Dr. Jen Degrenier of Northern Berkshire Pediatrics, which is partnering with NBCC, says the organization adopted that philosophy last year and applied it to marijuana use, too. The collaboration between Northern Berkshire Pediatrics, the District Attorney’s office, Northern Berkshire Schools and NBCC, Degrenier says, will bring awareness to parents and their students outside of school to prevent underage drinking and marijuana use.

“Essentially we are sort of trying to identify a book by its cover, a little bit,” Degrenier says.

Kim Roberts-Morandi, the Director of Curriculum, Instruction and Assessment at North Adams Public Schools, says the goal is to get educators, parents, students and the community on the same page.

“This collaboration allows people to really share the resources and to take advantage what's available of that you maybe wouldn’t have known about,” Roberts-Morandi says.

NBCC’s report found that children are more likely to use if their parents do. 

Officials say more than 10 percent of students in grade 8 in northern Berkshire County have used pot within the last 30 days.
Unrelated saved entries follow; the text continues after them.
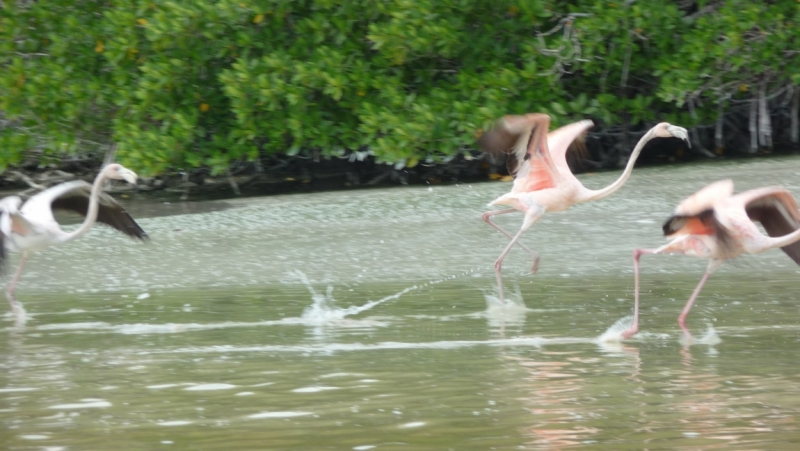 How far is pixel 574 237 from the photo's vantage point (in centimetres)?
905

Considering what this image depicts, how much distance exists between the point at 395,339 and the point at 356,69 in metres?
6.15

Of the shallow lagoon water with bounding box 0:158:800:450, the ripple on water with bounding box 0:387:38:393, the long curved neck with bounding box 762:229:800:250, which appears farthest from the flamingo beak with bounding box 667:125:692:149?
the ripple on water with bounding box 0:387:38:393

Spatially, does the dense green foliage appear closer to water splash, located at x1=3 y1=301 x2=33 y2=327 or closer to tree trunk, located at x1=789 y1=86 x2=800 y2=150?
tree trunk, located at x1=789 y1=86 x2=800 y2=150

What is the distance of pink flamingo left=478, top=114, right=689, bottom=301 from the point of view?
24.6 ft

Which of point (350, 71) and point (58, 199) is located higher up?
point (350, 71)

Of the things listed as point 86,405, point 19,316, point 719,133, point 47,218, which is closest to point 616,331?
point 86,405

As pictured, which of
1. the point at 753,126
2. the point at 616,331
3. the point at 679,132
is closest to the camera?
the point at 616,331

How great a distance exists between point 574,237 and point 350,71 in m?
3.62

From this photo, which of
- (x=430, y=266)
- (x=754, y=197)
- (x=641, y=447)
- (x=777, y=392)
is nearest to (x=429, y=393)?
(x=641, y=447)

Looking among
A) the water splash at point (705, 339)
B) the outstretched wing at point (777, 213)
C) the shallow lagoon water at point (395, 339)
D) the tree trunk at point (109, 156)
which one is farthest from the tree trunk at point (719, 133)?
the water splash at point (705, 339)

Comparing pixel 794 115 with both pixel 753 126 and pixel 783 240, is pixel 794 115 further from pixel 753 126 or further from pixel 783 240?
pixel 783 240

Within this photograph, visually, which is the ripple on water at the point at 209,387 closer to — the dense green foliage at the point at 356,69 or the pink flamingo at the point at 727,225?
the pink flamingo at the point at 727,225

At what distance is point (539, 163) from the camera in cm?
788

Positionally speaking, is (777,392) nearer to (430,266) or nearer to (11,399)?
(11,399) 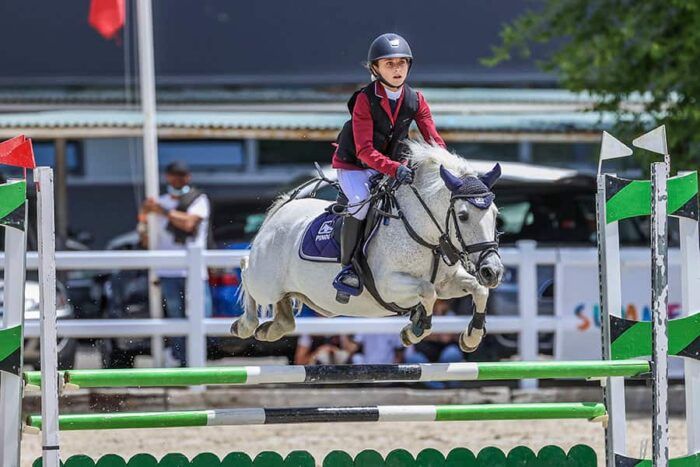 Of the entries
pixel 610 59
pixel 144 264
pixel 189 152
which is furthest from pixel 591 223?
pixel 189 152

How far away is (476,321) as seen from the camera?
18.4 feet

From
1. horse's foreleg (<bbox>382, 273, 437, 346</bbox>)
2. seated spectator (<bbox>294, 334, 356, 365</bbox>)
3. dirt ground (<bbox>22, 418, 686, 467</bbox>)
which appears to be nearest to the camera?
horse's foreleg (<bbox>382, 273, 437, 346</bbox>)

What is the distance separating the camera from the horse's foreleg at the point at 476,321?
559 cm

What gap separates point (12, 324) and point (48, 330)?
0.21 meters

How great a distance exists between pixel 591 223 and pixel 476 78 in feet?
15.0

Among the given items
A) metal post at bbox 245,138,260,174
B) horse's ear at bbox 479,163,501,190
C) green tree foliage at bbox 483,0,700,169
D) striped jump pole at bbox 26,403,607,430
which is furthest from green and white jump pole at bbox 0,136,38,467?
metal post at bbox 245,138,260,174

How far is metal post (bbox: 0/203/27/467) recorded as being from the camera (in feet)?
16.6

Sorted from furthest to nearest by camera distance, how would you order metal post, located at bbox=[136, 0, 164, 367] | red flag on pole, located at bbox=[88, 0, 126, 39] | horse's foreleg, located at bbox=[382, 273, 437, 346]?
red flag on pole, located at bbox=[88, 0, 126, 39]
metal post, located at bbox=[136, 0, 164, 367]
horse's foreleg, located at bbox=[382, 273, 437, 346]

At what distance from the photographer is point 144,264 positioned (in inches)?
405

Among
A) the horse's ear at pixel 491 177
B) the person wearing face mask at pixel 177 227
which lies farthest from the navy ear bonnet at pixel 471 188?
the person wearing face mask at pixel 177 227

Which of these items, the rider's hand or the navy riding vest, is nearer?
the rider's hand

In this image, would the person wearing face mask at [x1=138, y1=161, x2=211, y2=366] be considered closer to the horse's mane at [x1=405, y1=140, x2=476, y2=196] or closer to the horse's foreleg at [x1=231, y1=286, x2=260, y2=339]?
the horse's foreleg at [x1=231, y1=286, x2=260, y2=339]

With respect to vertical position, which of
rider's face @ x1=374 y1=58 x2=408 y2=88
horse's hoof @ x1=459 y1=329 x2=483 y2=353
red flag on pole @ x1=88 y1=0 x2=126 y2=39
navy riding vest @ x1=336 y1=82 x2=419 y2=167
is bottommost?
horse's hoof @ x1=459 y1=329 x2=483 y2=353

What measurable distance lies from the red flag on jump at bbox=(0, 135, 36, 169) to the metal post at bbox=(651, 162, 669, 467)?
98.3 inches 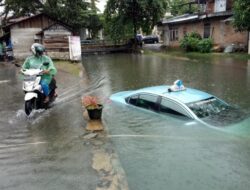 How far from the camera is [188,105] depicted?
25.4 feet

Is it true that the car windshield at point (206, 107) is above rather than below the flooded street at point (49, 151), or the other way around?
above

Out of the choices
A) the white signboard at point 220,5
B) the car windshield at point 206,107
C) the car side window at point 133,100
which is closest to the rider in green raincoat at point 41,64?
the car side window at point 133,100

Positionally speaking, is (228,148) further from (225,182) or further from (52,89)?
(52,89)

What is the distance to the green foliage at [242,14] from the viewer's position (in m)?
24.2

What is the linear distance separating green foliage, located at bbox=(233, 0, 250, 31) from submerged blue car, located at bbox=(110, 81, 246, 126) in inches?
716

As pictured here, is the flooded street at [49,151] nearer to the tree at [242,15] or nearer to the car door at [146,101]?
the car door at [146,101]

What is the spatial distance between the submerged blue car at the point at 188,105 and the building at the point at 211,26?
23910 mm

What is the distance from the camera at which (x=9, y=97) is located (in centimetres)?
1282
A tenth also say they’re drinking. But unlike with alcohol, children say they are using marijuana daily – even multiple times a day. That may be because they perceive it is less dangerous or even medically beneficial.

“This is more about providing students with the skills that they need to make life-long healthy choices. We are not telling them what to do.

We are engaging them in conversation, in activities, and in challenges that will provide them with the skills that they need to make wise choices,” Roberts-Morandi says.

Capeless says southern Berkshire County schools want to join too. NBCC is hosting a forum to discuss the impact of marijuana on children on May 25 in North Adams.